Depuis juin 2009 je fais un étrange rêve. Je me retrouve tout nu dans une petite chambre noire entouré par une foule d’hommes habillés tous de blouses blanches et bleues. Cette foule terrifiante se serre autour de moi. Je me réveille en sursaut avec le sentiment d’étouffer.
C’est ainsi que s’écoulent mes nuits depuis ce terrible moment que j’ai vécu au mois de juin.
Je sens que j’ai perdu une partie de mon humanité. Humilié par ce test dégradant, je m’en veux de ne pas avoir refusé ce test de la honte, mais que pouvait faire ma petite voix à ce moment-là face à leur force et leur violence ?

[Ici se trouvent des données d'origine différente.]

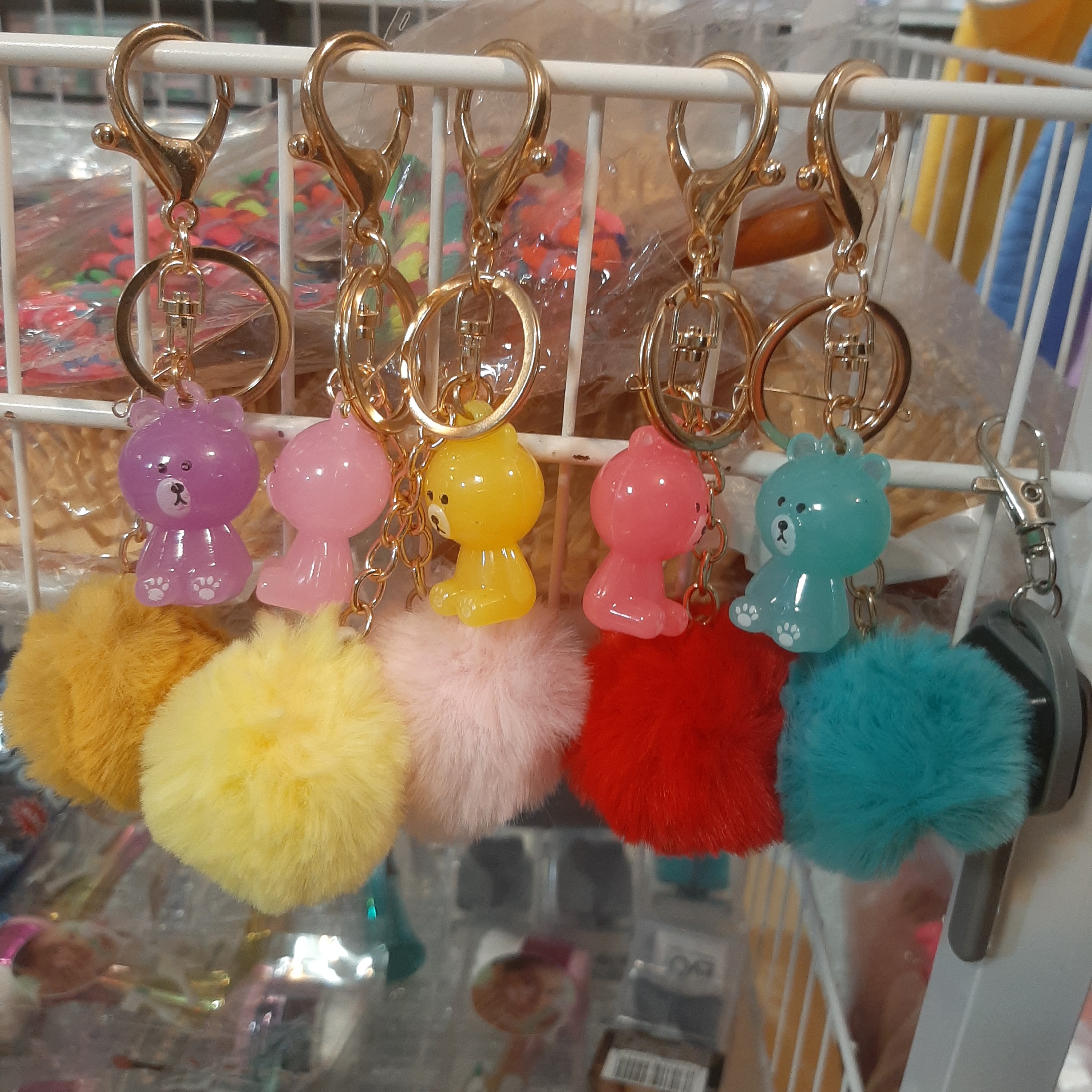 جاسوییچی جاکلیدی اکسسوری فانتزی  خرسی قلاب دار آویز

Durant l’interrogatoire déjà, ils n’hésitaient pas à me brutaliser afin que j’avoue mon homosexualité.
C’est une expérience traumatisante, c’est pourquoi je tiens à témoigner et inciter toute personne arrêtée à refuser de se soumettre au test. Les choses changent maintenant, on peut se révolter contre cette injustice. "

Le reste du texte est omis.